## [WORK TASK]
Starting at the line that holds "Hulhule Island Hotel", quote every line through the end of the records, both boundary lines included. Omit the pictures.

## [RECORDS FOR THE EXERCISE]
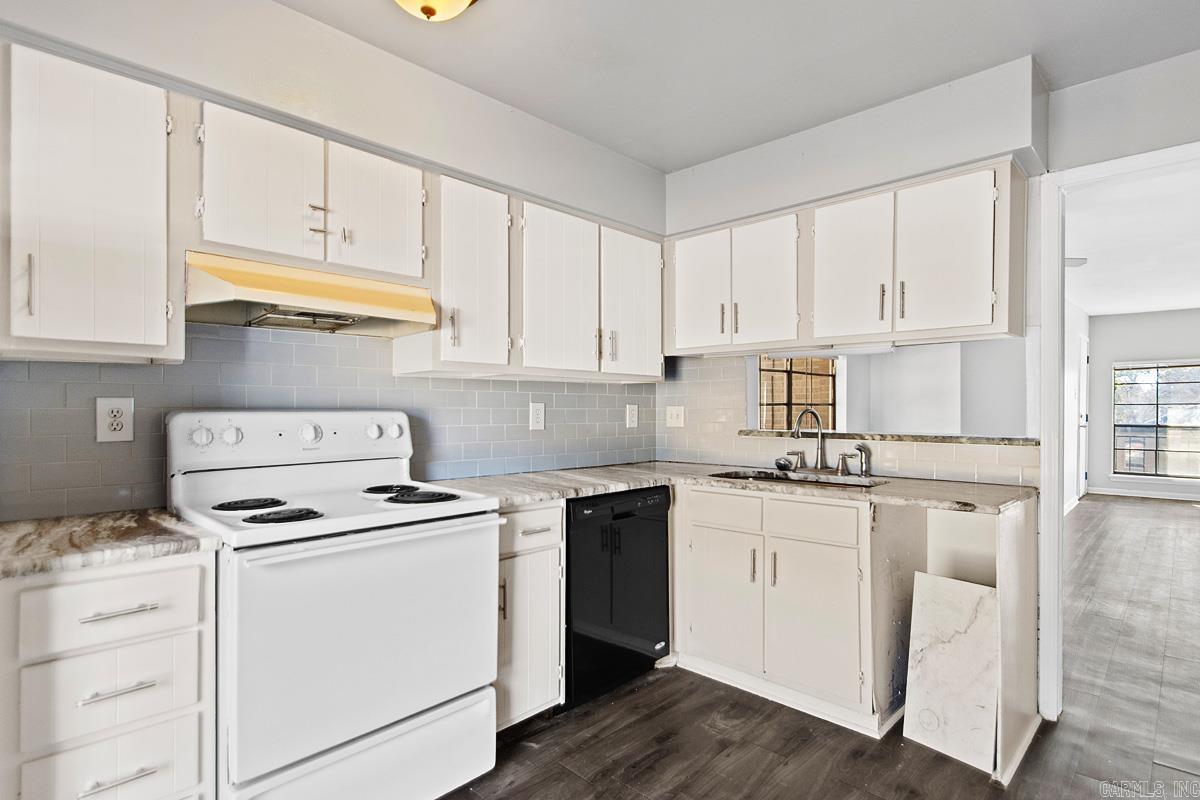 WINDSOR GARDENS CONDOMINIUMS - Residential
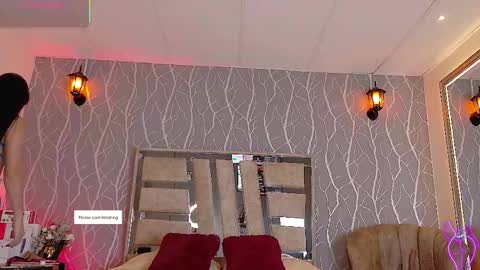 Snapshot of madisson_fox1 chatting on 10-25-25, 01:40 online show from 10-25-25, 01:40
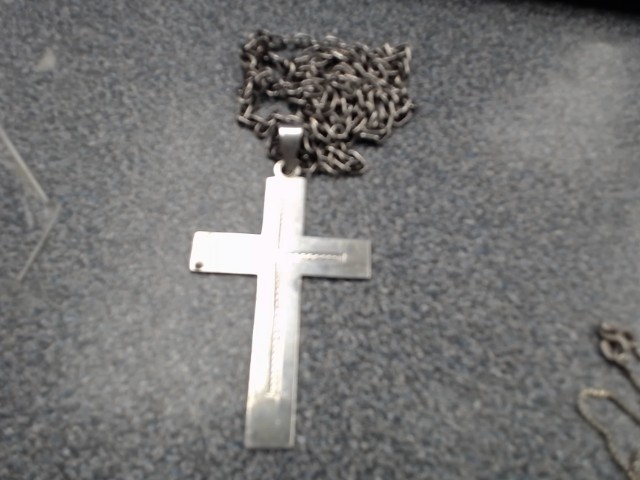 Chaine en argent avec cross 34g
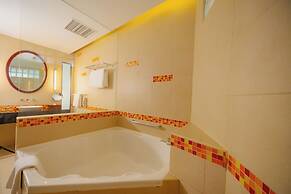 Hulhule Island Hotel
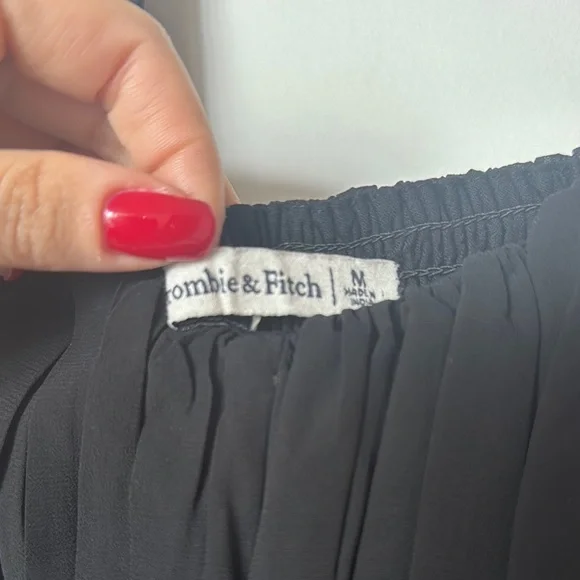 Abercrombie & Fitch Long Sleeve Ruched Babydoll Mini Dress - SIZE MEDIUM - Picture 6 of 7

## [RESULT BELOW]
 Hulhule Island Hotel
 Abercrombie & Fitch Long Sleeve Ruched Babydoll Mini Dress - SIZE MEDIUM - Picture 6 of 7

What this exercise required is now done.